As I clicked on one of the many self-congratulatory Facebook links provided by the circle jerk that is the Union committee, I couldn’t contain my anticipation for what I was sure would be a rising of the phoenix for an institution criticised heavily of late. To my surprise, what I found was not only a distinct lack of any speakers of note, but in many cases a lack of any speakers at all. Confronted by pages and pages of empty avatars next to ‘student speaker’, reading the term card felt more like playing a game whose characters I had to unlock.
And anyway, what’s the deal with student speakers? I thought I’d paid nearly £200 to hear heavyweights in the fields of each respective motion intellectually debate to the death, not Tilly, 19, from Murray Edwards tell me that “time’s up” for our planet. Asking members to cover debates they’ve paid to listen to because the committee hasn’t done their job properly is like a mechanic asking you to fit the exhaust while he pops off for a cuppa.

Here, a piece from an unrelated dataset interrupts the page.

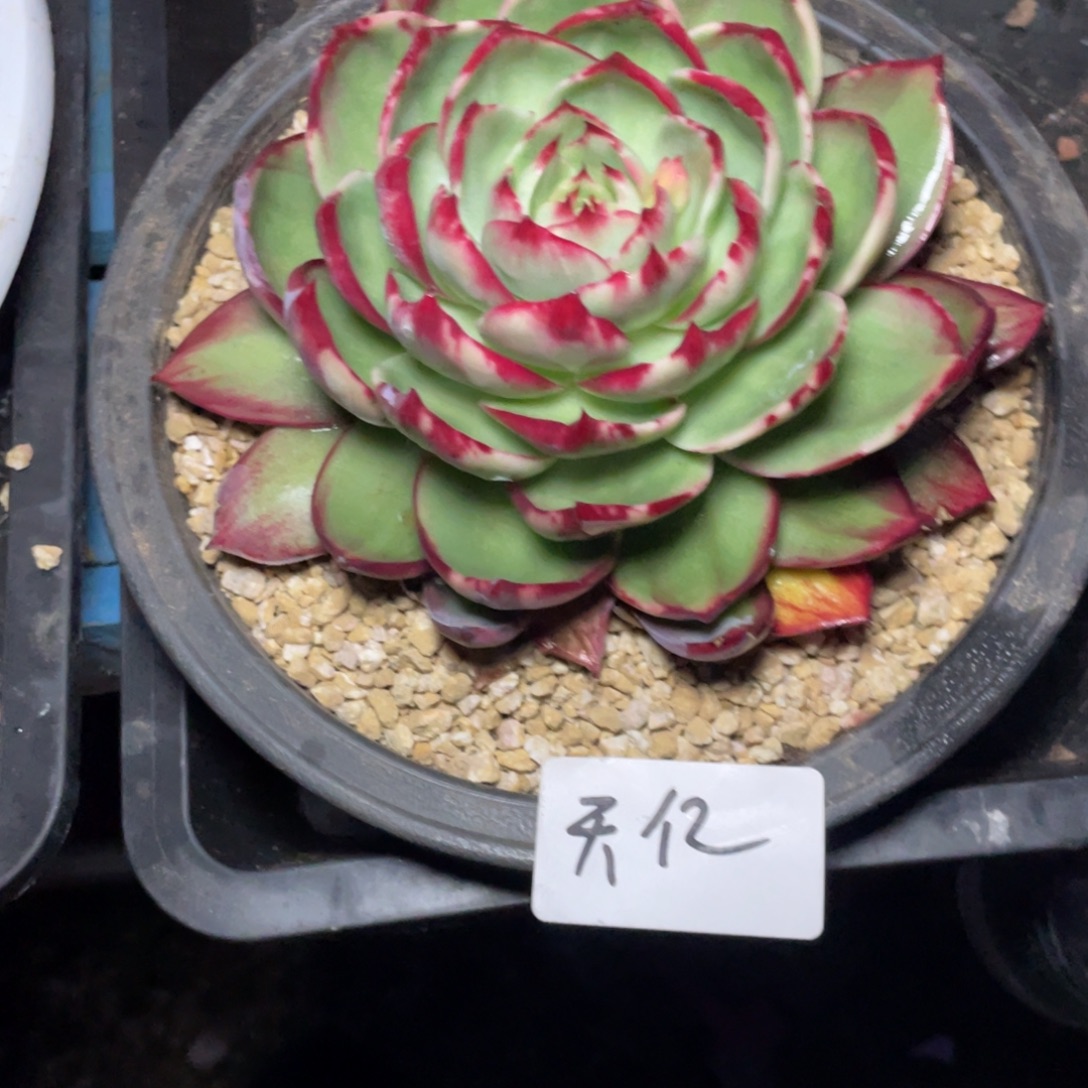 天***亿惊鸿仙子一物一拍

Even when the Union attempts to appear intellectual, it falls flat on its face, as seen in the literature debate. The motion ‘This House Prefers reading Oscar Wilde to George Orwell’ seems even to have perplexed the resident academic, Prof. Angie Hobbs, who has opted to occupy the ‘abstention’ side before the debate has even begun. Can we not like both? Are they mutually exclusive? Besides, comparing Wilde to Orwell is like trying to compare a frying pan to a washing machine.
Then there’s the small matter that the Union seems to have metamorphised into an offshoot of the Careers Service, with asset managers and investment bankers preaching in the hallowed chamber. I’m sure when the founders of the Cambridge Union set up a society built on promoting free speech and intellectual debate, ‘how to create a good impression in an interview’ wasn’t really what they had in mind. Of course, I’m sure these invitations have nothing to do with committees using the status of the Union to promote themselves in the hope of being fast-tracked to the City, but I may be wrong.
The Cambridge Union is unquestionably in crisis. The question is: how do we salvage the shipwreck it has become, too afraid to take risks and too bereft of independent thinkers? I would suggest a boycott of events until the Union invites better speakers, but seeing as I don’t expect many people to turn up to The Economist Obituaries Editor anyway (yes, that’s a real event), I don’t think it would be that effective. Change does need to happen, however, and if it doesn’t soon I fear we’ll have to write our own obituary for this once great Cambridge institution hijacked and held hostage by a gang of careerists and brown noses.